The concept of multiscale-modeling in support of next-generation materials design impact many classes of microstructure-dependent materials, including biomolecules, polymers, energy-storage materials and energetic materials. In recent years, our group has developed micro- and mesoscale modeling capabilities necessary to represent salient physical and chemical features of material microstructure. In particular, we have built a suite of discrete-particle modeling tools, based upon the DPD method 12, for various conditions, including isothermal, isobaric, isoenergetic, and isoenthalpic conditions. A particularly unique aspect of this simulation capability is a microscale description of chemical reactivity 3. In the first part of this talk, we discuss the suite of DPD variants that have been recently integrated into the massively-parallel LAMMPS software package for use on HPC platforms.

In the second part of this talk, we present work on a challenge in continuum-scale modeling: the direct incorporation of complex physical processes in the constitutive evaluation.
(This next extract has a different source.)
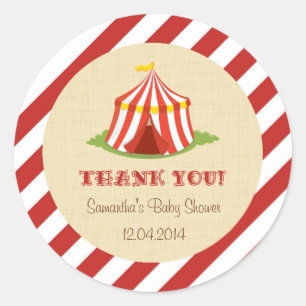 Redonda Pegatina de Baby Shower del circo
We use an adaptive hierarchical multi-scale (HMS) framework running in parallel on a heterogeneous computational environment to couple a fine-scale, particle-based model computing the equation of state (EOS) to the constitutive response in a finite-element multi-physics simulation. The EOS is obtained from high-fidelity materials simulations performed via dissipative particle dynamics methods. This HMS framework is progress towards an innovation infrastructure that will be of great utility for systems in which essential aspects of the material response are too complex to capture by closed form material models. The design, implementation, and performance of the HMS framework are discussed. The LAMMPS-python interface is critical to this design, and its usage is discussed. Also presented is a proof-of-concept Taylor anvil impact test of non-reacting 1,3,5-trinitroperhydro-1,3,5-triazine (RDX).

1 M. Lísal, J.K. Brennan, and J.B. Avalos, J. Chem. Phys., 135, 204105 (2011).

2 J.P. Larentzos, J.K. Brennan, J.D. Moore, M. Lísal, and W.D. Mattson, Comput. Phys. Commun., 185, 1987-1998 (2014).

3 J.K. Brennan, M. Lísal, J.D. Moore, S. Izvekov, I.V. Schweigert, and J.P. Larentzos, J. Phys. Chem. Lett., 5, 2144 (2014).